Like many reporters, I’ve read dozens—no, make that hundreds—of articles and reports on the (doomed) fate of newspapers and magazines in the digital era. But by far the simplest and clearest essay I’ve read is Post-Medium Publishing by Paul Graham (shown left).
My favorite part of Graham’s essay is his test for recognizing what new forms for publishing content will be winners.
When you see something that’s taking advantage of new technology to give people something they want that they couldn’t have before, you’re probably looking at a winner.
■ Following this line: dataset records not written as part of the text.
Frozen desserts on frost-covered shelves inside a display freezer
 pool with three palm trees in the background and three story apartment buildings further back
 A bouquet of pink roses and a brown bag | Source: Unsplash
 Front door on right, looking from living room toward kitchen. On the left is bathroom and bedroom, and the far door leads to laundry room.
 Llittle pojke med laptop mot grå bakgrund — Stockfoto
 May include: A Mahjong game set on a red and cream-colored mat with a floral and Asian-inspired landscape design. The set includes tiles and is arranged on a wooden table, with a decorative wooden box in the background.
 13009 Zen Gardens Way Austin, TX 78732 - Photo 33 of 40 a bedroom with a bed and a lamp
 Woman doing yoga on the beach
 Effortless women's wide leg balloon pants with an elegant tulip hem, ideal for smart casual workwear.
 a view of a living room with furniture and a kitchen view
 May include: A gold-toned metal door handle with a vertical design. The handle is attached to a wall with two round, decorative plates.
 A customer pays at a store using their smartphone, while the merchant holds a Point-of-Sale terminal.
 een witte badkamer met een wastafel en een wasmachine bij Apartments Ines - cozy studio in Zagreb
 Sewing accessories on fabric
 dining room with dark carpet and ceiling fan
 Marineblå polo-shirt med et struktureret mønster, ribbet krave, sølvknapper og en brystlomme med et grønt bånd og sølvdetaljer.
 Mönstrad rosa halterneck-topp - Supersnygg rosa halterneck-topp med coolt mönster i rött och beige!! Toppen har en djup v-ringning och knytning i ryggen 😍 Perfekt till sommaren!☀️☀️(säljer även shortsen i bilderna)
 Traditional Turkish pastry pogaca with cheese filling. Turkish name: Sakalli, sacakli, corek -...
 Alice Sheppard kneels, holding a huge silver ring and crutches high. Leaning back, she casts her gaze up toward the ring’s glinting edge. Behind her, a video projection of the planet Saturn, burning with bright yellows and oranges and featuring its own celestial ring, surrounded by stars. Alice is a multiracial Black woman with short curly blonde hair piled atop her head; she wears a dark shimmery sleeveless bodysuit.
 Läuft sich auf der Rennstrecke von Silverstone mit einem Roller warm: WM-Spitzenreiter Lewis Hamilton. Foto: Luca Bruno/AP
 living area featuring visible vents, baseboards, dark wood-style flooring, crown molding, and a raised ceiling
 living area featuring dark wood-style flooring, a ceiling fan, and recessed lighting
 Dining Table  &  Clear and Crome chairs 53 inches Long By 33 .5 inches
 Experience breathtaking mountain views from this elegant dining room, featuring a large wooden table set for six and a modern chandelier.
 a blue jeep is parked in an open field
And when you see something that’s merely reacting to new technology in an attempt to preserve some existing source of revenue, you’re probably looking at a loser.
There’s nothing in 2010 I’m more looking forward to seeing than which journalism start-ups are funded by Y Combinator, Graham’s venture firm, which specializes in schooling early stage startups, especially Web operations invented by early 20-somethings.
Last year, Y Combinator specifically put out a request for creative ideas in re-imagining journalism, starting with a for-profit business model and then fitting the journalism to support it. Graham’s hunch is that targeted Web advertising will fund such projects.
UPDATE: April 2010: The startup has launched! It’s called NewsTilt. It’s still a work in progress.
We have become so far removed from the notion that writing might have a cash value, that by simply suggesting the idea, Graham sounds like a visionary.